Meski anak-anak lebih tertarik dengan kelas kreatif ketimbang membaca buku, Rizal merasa senang setidaknya mereka tahu keberadaan perpustakaan desa yang dibangun dengan tumpukan-tumpukan mimpi itu.
“Yang penting dulu kelas kreatifnya itu bukan materi sekolah. Pokoknya daya kreatif anak-anak itu harus berkembang,” katanya.
Sayangnya, kelas itu hanya bertahan enam bulan. Karena pandemi Covid-19 dan terbentur kesibukan mencari uang, anggota komunitas literasi jarang mengundang anak-anak belajar lagi.
Perpustakaan pun semakin sepi dan kini telah dipindahkan Rizal ke lantai satu depan teras rumah agar pengunjung mudah mengakses.
Papan bertuliskan “Oemah Aksoro” berbahan ukiran kayu yang dipajang Rizal di depan rumahnya pun tak menarik lagi bagi anak-anak di lingkungan rumahnya.
Buku-bukunya nyaris tak tersentuh selama berbulan-bulan. Sarang laba-laba menempel di atas dan bawah rak buku anak-anak.
Rizal bilang, buku-buku itu boleh dipinjam oleh siapa saja yang ingin membaca dan membutuhkannya.
Maksimal satu minggu, boleh lebih asal konfirmasi dan donasi sebesar Rp 5.000 untuk biaya perawatan.

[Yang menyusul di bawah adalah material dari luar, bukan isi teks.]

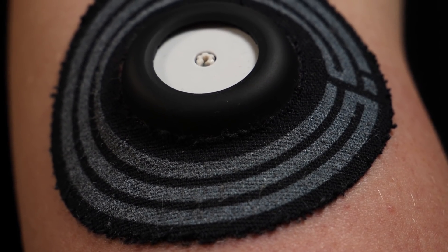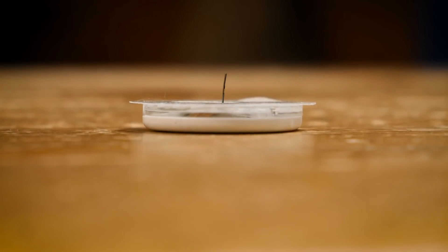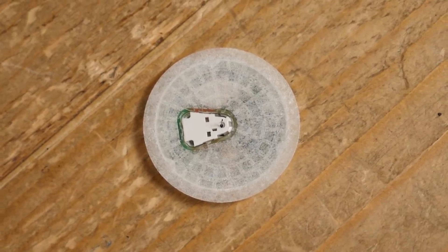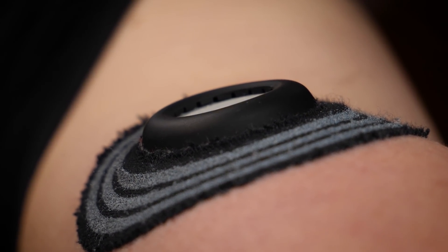The glucose data is collected by the Abbott Libre glucose sport biosensor, a small patch which is stuck just to the back of your upper arm. That patch contains a thin flexible filament which inserts itself just below the skin when fitted. The sensor analyzes the interstitial fluid, which surrounds the cells of the tissues below your skin, allowing glucose levels to be monitored in real-time 24/7. Each sensor costs 65 euros or 57 pounds sterling if bought as part of a monthly subscription package.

“Yang mau nitip buku atau donasi buku di sini juga boleh. Daripada nganggur di rumah bisa taruh di sini barangkali ada yang butuh,” tuturnya.

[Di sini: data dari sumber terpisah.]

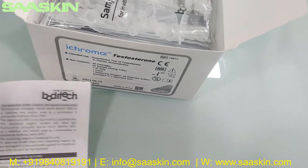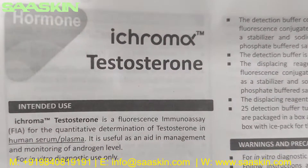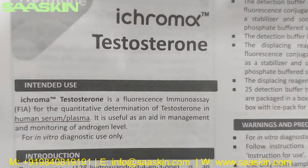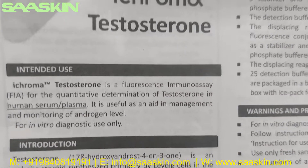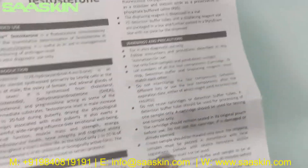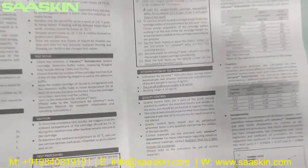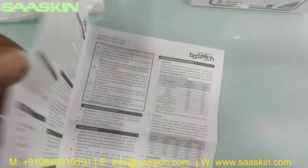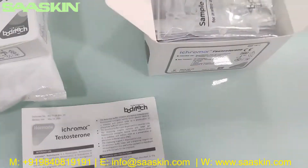Inside you can see there is one brochure, and it says i-chroma Testosterone. It's a frozen human assay for the quantitative determination of testosterone in human serum and plasma. You get the complete instructions — the introduction, product principal, components, warnings and limitations, how to set up the test, how to run the test, how to interpret the results, and the quality control parameters.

Rizal mengatakan, perpustakaan mini ini meski sepi namun dia ingin tetap mempertahankannya karena sudah menjadi mimpinya hingga hari tua nanti.
“Punya perpustakaan itu impian saya dari dulu. Saya ingin pas tua nanti tetap sama buku. Saya juga nggak cari uang dari perpustakaan ini kok,” pungkasnya.